School was walking distance initially and when we moved to Central Delhi, there was a school bus. Delhi also meant that nearby swimming options were limited. I had turned up my (admittedly non-patrician) nose at the then bean-shaped pool in the DSOI claiming that I refused to swim in a "puddle", so I was carted off to the Talkatora stadium with its Olympic-sized pools, where I had to pass a swimming test. That done, I ventured to ask Dad (who had done the carting off) about my daily commute to the pool from Dhaula Kuan where we lived. Would he drop me? No, I don't have the time. Would he give me auto fare? I can't afford it. Then? Take the bus. A bit daunted (I was 14 and something) I asked him which bus? I don't know. The bus stop is conveniently located just outside the enclave. Find out. And thus began my love-hate relationship with the Delhi Transport Corporation. By the time I was 15 and had my first summer job (another story - jisme drama hai, humour hai, magar koi romance nahi hai) I was a pro. I travelled all over Delhi in buses from the then unimaginably remote Anand Vihar (this was a quarter of a century ago, people) to Kishangarh village which was so deserted, it could be downright scary - no Vasant Kunj existed in those days. 

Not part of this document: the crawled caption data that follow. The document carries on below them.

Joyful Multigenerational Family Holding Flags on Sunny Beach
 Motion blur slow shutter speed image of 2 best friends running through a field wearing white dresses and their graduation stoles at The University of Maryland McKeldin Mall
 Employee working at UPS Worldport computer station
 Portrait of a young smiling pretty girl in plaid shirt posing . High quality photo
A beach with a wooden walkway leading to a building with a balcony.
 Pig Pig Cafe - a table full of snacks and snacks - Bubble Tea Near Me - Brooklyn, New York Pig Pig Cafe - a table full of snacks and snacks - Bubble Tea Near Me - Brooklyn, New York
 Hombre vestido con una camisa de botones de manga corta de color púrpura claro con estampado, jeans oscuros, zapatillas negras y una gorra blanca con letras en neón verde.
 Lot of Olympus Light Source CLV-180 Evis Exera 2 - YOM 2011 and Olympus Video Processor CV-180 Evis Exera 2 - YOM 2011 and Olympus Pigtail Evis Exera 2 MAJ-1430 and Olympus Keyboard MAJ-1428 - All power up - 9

College meant yet more buses to and from my college hostel in North Campus. And to visit the parents at home over the long weekends, there were the long-distance buses from the Inter-State Bus Terminal.

So when a lot of people look horrified that I prefer to take the Metro over driving a long distance, I am a bit taken aback. I have even heard condescending statements like "That's very brave and err... ecologically conscious of you - I can't do it," accompanied by "poor thing, she can't afford it" looks. I ignore those. But when it comes to insinuating that I am being a careless mom for taking my toddler on the Metro, I am honestly in two minds about whether to have a hysterical laughing fit on the floor or blow up right there. 

Really? Even the PP agrees with me on this one and he is as paranoid as first time Papas come. Our daughter is not going to be some wallflower who has to be driven everywhere. She will learn to cope with public transport and not see it as a form of slumming. Yes, it's not safe. Our world isn't. So, I put it to you, should I equip her to deal with it? Or should I just shut out the big bad world? For how long? There are no easy answers. 

But while I am trundling around the little pampered miss in her car seat at the back or toting her in a carrier in the train or elsewhere, those decisions are mercifully still a while away, even if the questions aren't.